- **Assigned task**: Pictures aside, the output must consist of the lines from the one containing "Fototapeta premium church in the mountains" through the end of the data, reproduced exactly.

Short web captions:
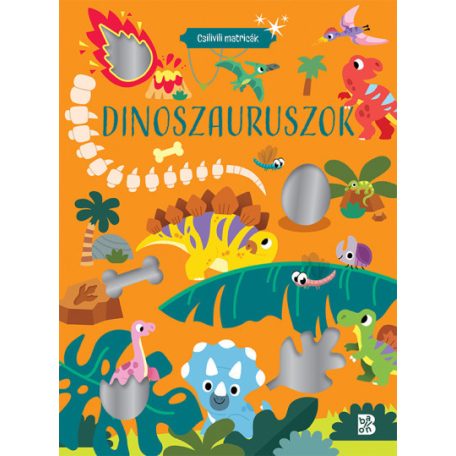 Csilivili matricák – Dinoszauruszok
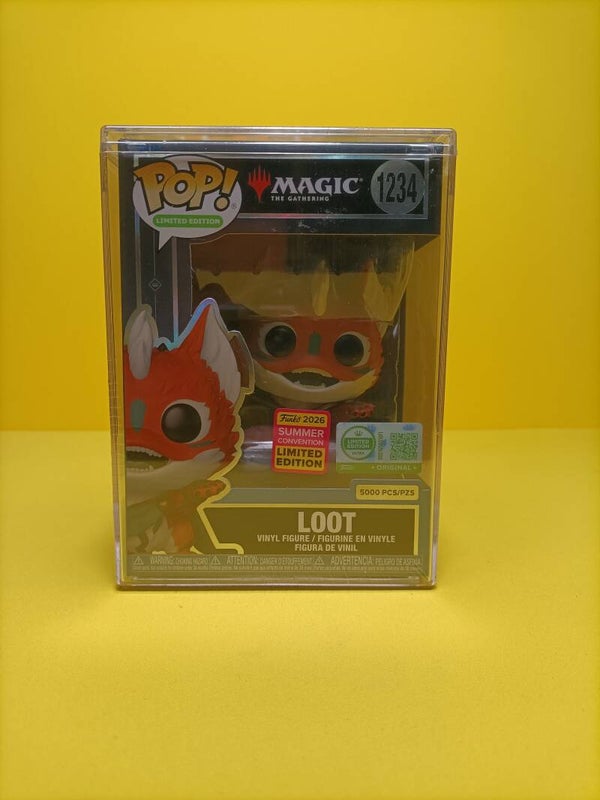 Games Funko Pop 1234 Loot (2026 Summer Convention) (Limited 5000 Pieces) - Magic The Gathering
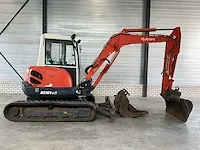 2010 kubota kx161-3 alpha minigraafmachine - afbeelding 34 van  37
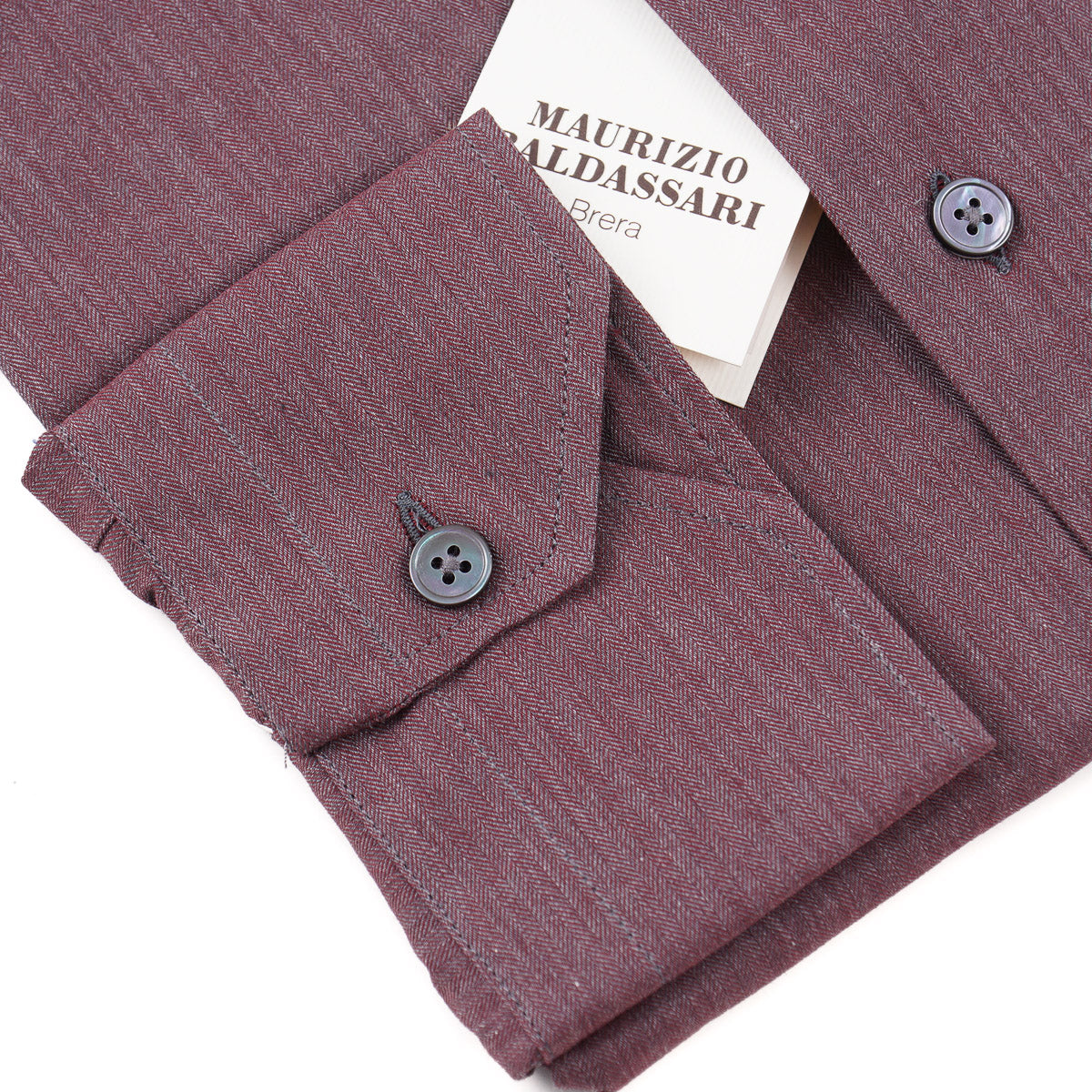 Maurizio Baldassari Lightweight Cotton Shirt - Image 4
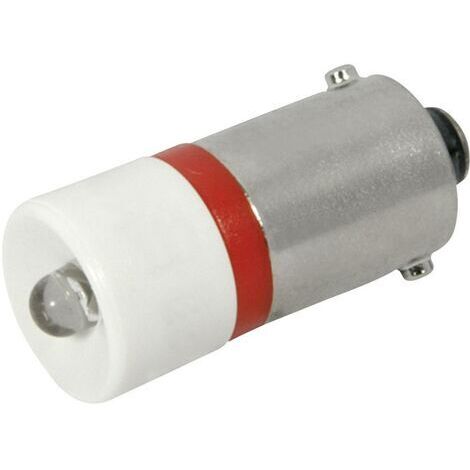 CML 18606230 Voyant de signalisation LED rouge BA9S 230 V/AC 120 mcd V072041 (1/3)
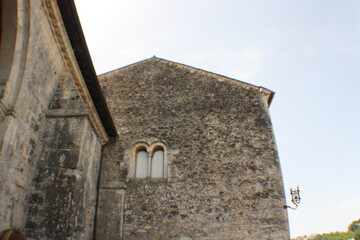 Fototapeta premium church in the mountains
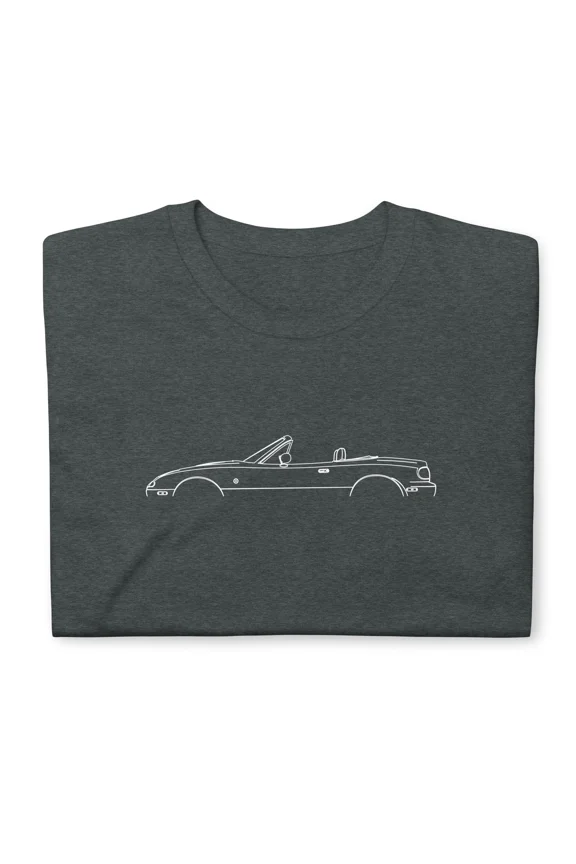 Reprint Rare Softstyle T-Shirt For Mazda MX-5 Miata NA 1989-1997 Car Owners Christmas Gift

- **Solution to the exercise**:
 Fototapeta premium church in the mountains
 Reprint Rare Softstyle T-Shirt For Mazda MX-5 Miata NA 1989-1997 Car Owners Christmas Gift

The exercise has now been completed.